Im Ergebnis war daher die sofortige Beschwerde der Staatsanwaltschaft Braunschweig zu verwerfen. Eine
Zurückverweisung an die Strafkammer zwecks Erhebung der erforderlichen Ermittlungen oder Ermittlungen durch
den Senat selbst kommen nicht in Betracht. Gemäß § 202 StPO kann das Gericht, bevor es über die Eröffnung des
Hauptverfahrens entscheidet, zur Aufklärung der Sache einzelne Beweiserhebungen anordnen. Eine Verpflichtung
zur Beweiserhebung kommt lediglich dann in Betracht, wenn es sich um naheliegende ergänzende
Beweiserhebungen handelt (vgl. Schneider aus Karlsruher Kommentar zur StPO, 6. Aufl. 2008, § 202 Rn. 2 ff. m. w.
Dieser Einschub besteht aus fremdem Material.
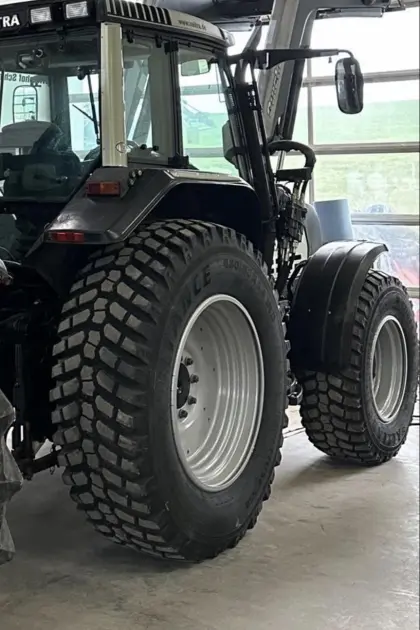 Valtra Kompletträdersatz 480/80R34, 400/80R24 Kommunal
N.).Damit wird deutlich, dass Ermittlungen größeren Umfangs zur Komplimentierung einer Anklageschrift gesetzlich
nicht vorgesehen sind. Unstatthaft ist damit eine umfangreiche Beweisaufnahmen durch das Gericht, da darin ein
von Rechts wegen nicht vorgesehener Vorgriff auf die Hauptverhandlung läge.
Im vorliegenden Fall liegt derzeit kein hinreichender Tatverdacht vor, da eine entsprechende Unrechtsvereinbarung
zwischen der Arztpraxis Dr. X und dem Angeschuldigten nicht ausreichend ermittelt worden ist. Damit sind nicht
einzelne Beweiserhebungen vorzunehmen, sondern ein relevanter Tatbestandskomplex ist durch umfangreiche
Ermittlungen und Vernehmungen aufzuklären.
Die Kostenentscheidung beruht auf einer entsprechenden Anwendung des § 467 Abs. 1 StPO.